HRW named two journalist arrests, recorded the Trump Peace Prize, and clocked 15 of 16 cities non-compliant.

Human Rights Watch published '2026 World Cup: Tournament Will Kick Off in Climate of Fear' on Monday 27 April 2026, three days before the Vancouver Congress 1. The report extends the host-city audit HRW released on 10 April , which had counted 167,000 ICE arrests across 11 host-city regions, averaging roughly 15,000 per host-city area over fifteen months, and demanded action plans by Monday 11 May.

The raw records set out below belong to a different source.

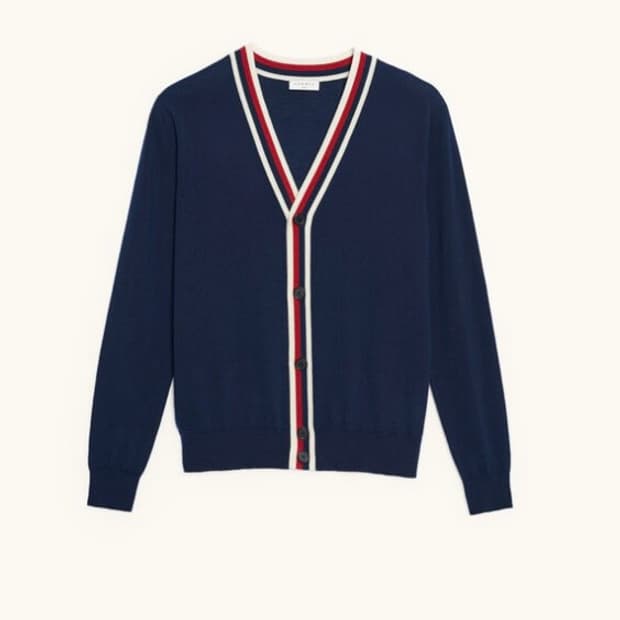 L SANDRO PARIS 산드로 옴므 브이넥 니트 가디건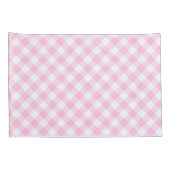 Diagonaal roze en wit Gingham patroon Kussensloop (Achterkant-Rechts)
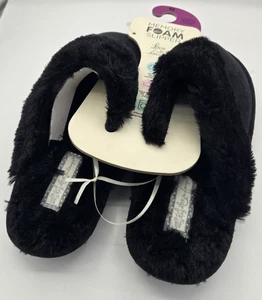 Primark Damen-Slipper Memory Foam Größe 5/6 schwarz Wildlederimitat/Pelz *neu mit Etikett* - Bild 1 von 5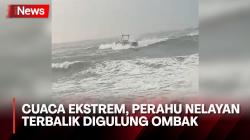 Perahu Nelayan Terbalik Dihantam Ombak di Pantai Pamayangsari, Puluhan Perahu Rusak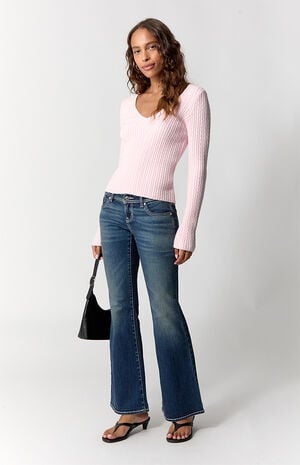 Alana Ultimate Low Rise Flare Jeans Stretch Contrast Stitch Dark Blue image number 6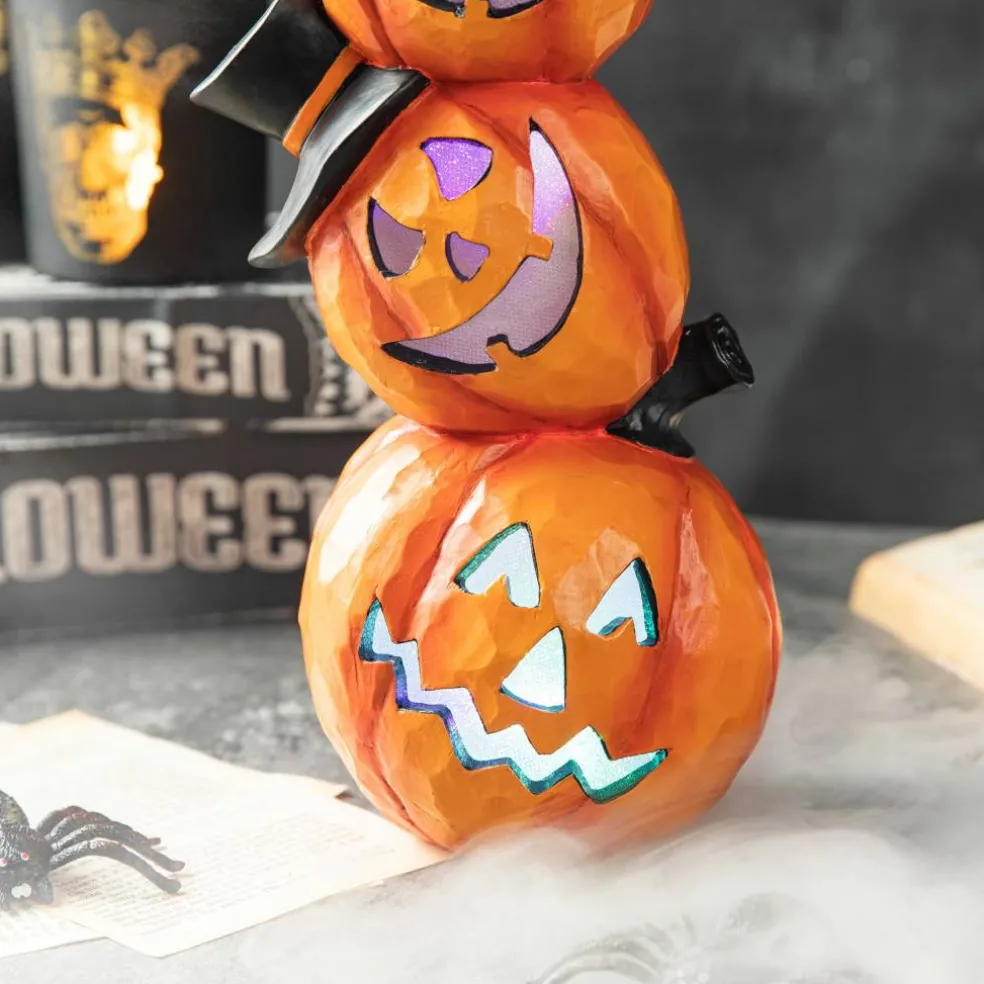 Glitzhome® 14" Lighted Halloween Stacked Resin Pumpkin Table Décor
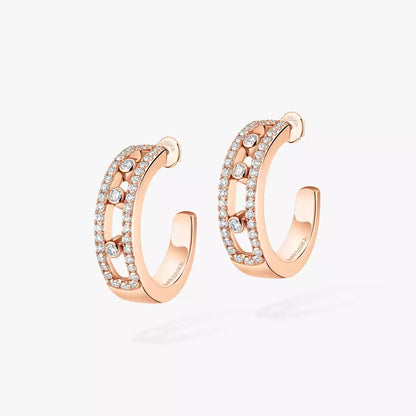 [ElanLuxe Jewelry]Diamond Pavé Hoop Earrings Move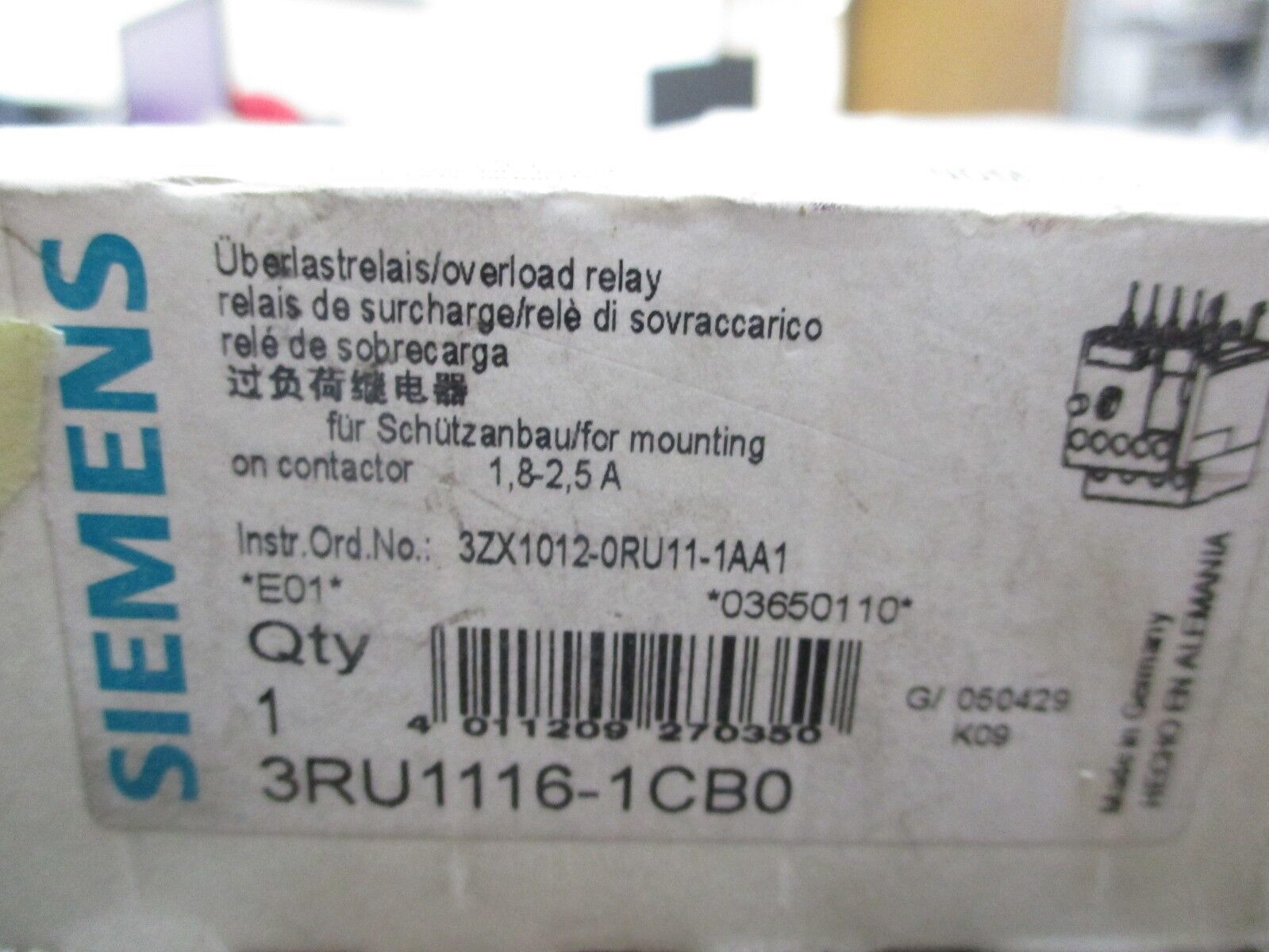 Siemens Solid State Overload 3RU1116-1CB0 Trip: 1.8-2.5A New Surplus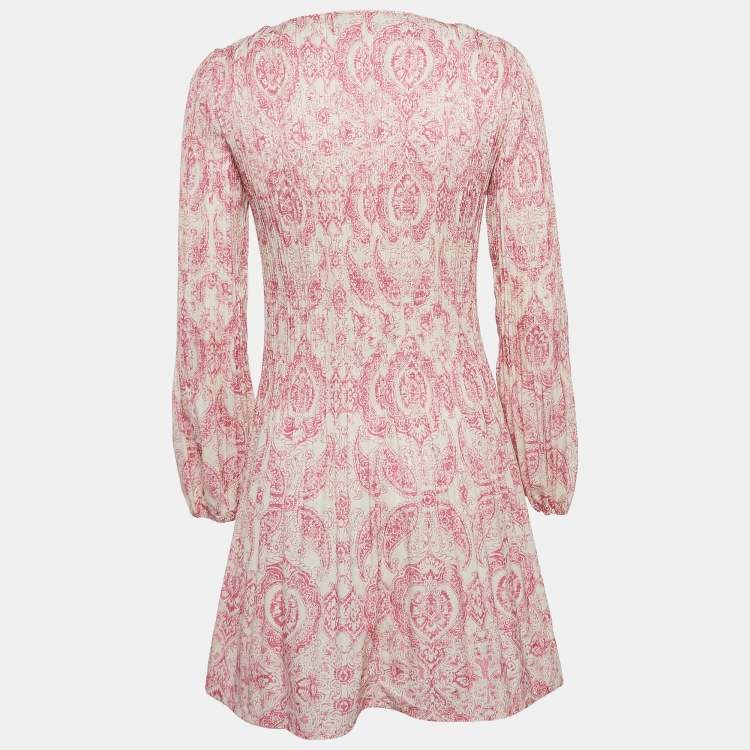 Pre Owned Maje White/Pink Printed Pleated Mini Dress XS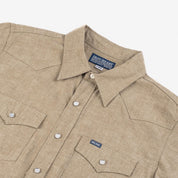 Image showing the IHSH-315-KHA - Selvedge Chambray Western Shirt Khaki which is a Shirts described by the following info IHSALE_M23, Iron Heart, Released, Shirts, Tops and sold on the IRON HEART GERMANY online store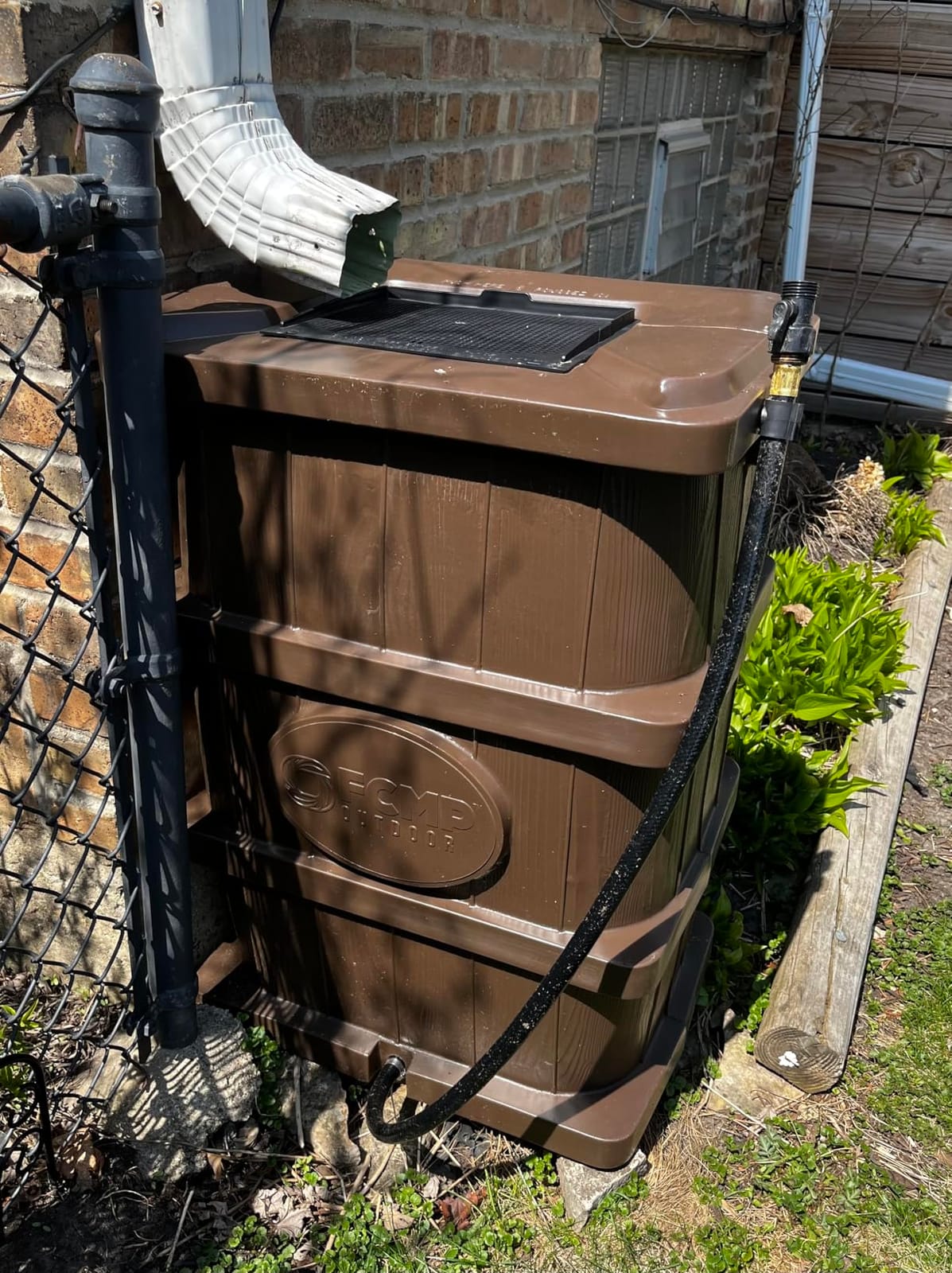 FCMP Outdoor Slim Line Design Rain Barrel, 45 Gallon, Brown customer photo 2
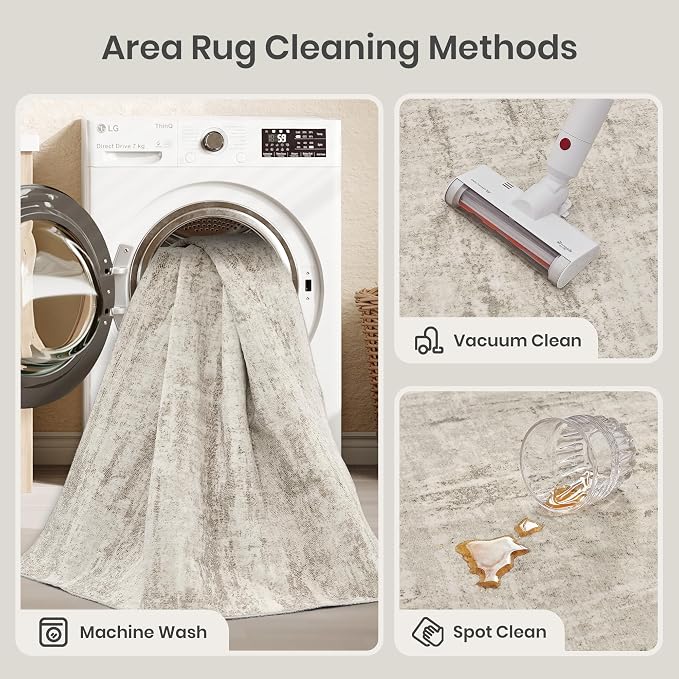 4x6 Area Rug for Entryway, Non Slip Washable Bedroom Rug, Beige | Soft & Lighweight, Folable, Stain Resistant Low Pile Thin Indoor Distressed Carpet Rugs for Living Room,Laundry Room,Kitchen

The 27 April report adds named incidents. Mario Guevara, an Emmy-winning journalist, was arrested in Atlanta in June 2025 while filming a protest and subsequently deported to El Salvador by ICE (Immigration and Customs Enforcement, the US federal immigration enforcement agency). Estefany Rodriguez, a journalist, was detained in March 2026 while covering ICE raids without a warrant being presented. Mexico, the report records, enacted a new law granting authorities 'virtually unlimited power' to access citizen information without judicial authorisation 2.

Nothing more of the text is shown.